If the co-ordinates of two points $$A$$ and $$B$$ are $$\left(\sqrt{7}, 0\right)$$ and $$\left(-\sqrt{7}, 0\right)$$ respectively and $$P$$ is any point on the conic, $$9x^2 + 16y^2 = 144$$, then $$PA + PB$$ is equal to:

We are given that point $$P(x,y)$$ lies on the conic $$9x^2 + 16y^2 = 144$$.

First we rewrite the conic in standard ellipse form. Dividing every term by $$144$$, we obtain

$$\dfrac{9x^2}{144} + \dfrac{16y^2}{144} = 1.$$

Simplifying the fractions,

$$\dfrac{x^2}{16} + \dfrac{y^2}{9} = 1.$$

We recognise $$\dfrac{x^2}{a^2} + \dfrac{y^2}{b^2} = 1$$ as the standard equation of an ellipse centred at the origin with semi-major axis $$a$$ and semi-minor axis $$b$$. Comparing, we have

$$a^2 = 16 \quad\Rightarrow\quad a = 4, \qquad b^2 = 9 \quad\Rightarrow\quad b = 3.$$

For any ellipse, the distance from the centre to each focus (denoted $$c$$) satisfies the relation

$$c^2 = a^2 - b^2.$$

Substituting our values $$a^2 = 16$$ and $$b^2 = 9$$, we get

$$c^2 = 16 - 9 = 7 \;\;\Longrightarrow\;\; c = \sqrt{7}.$$

Hence the foci are located at $$(c,0)$$ and $$(-c,0),$$ namely $$(\sqrt{7},0)$$ and $$(-\sqrt{7},0).$$ These are exactly the points $$A$$ and $$B$$ given in the question.
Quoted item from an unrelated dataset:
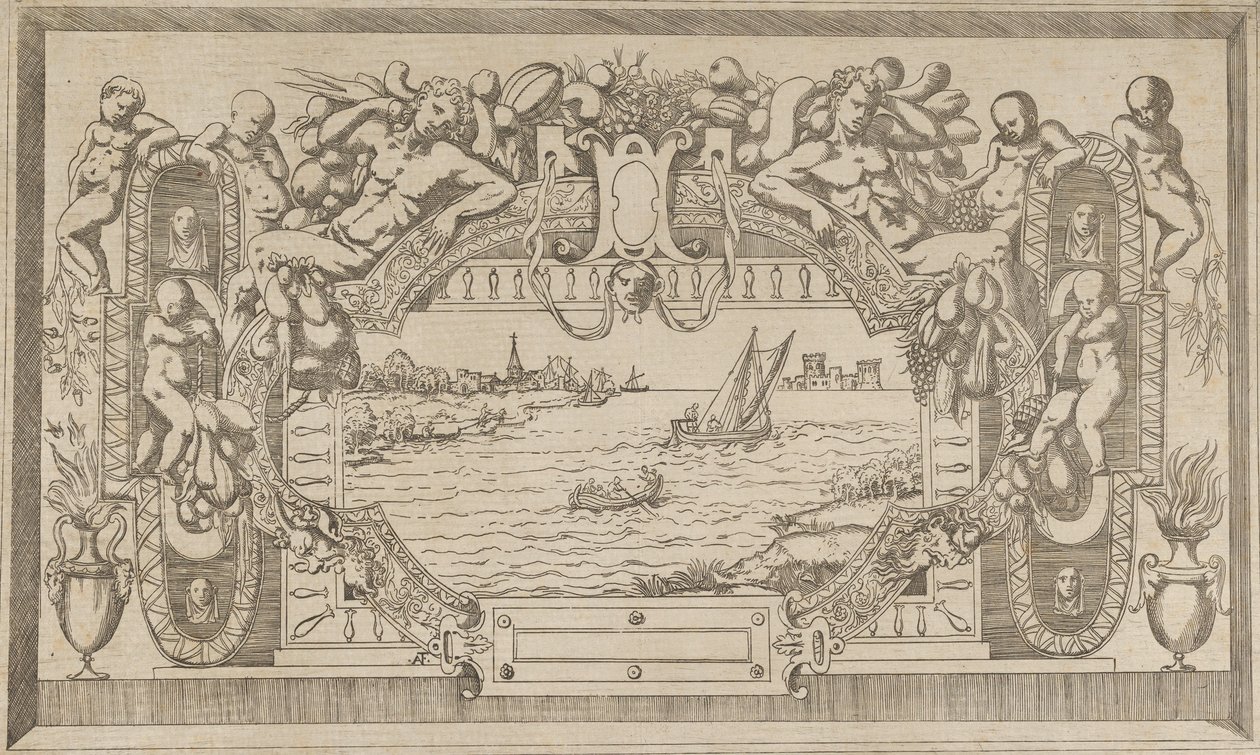 Süs Çerçeveli Peyzaj, ca. 1543. by Antonio Fantuzzi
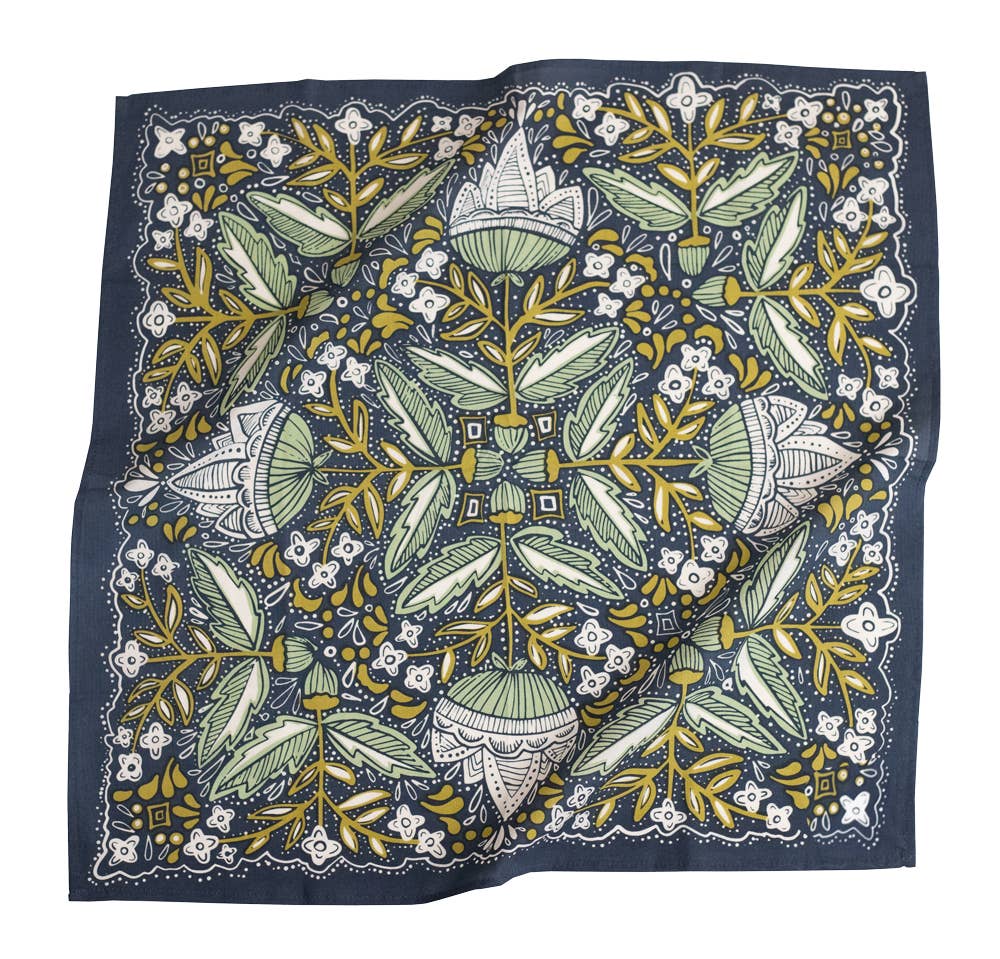 Handker Bandanas – Großhandel Bandana – Damen – No. 017 Amelia Bandana mit blauem Grund und gold-grünem Blumenmuster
Now we recall the fundamental property of an ellipse:

The sum of the distances from any point on an ellipse to its two foci is constant and equals $$2a$$.

Here, $$a = 4,$$ so

$$PA + PB = 2a = 2 \times 4 = 8.$$

Therefore the value of $$PA + PB$$ is a constant $$8$$ for every point $$P$$ on the given ellipse.

Hence, the correct answer is Option B.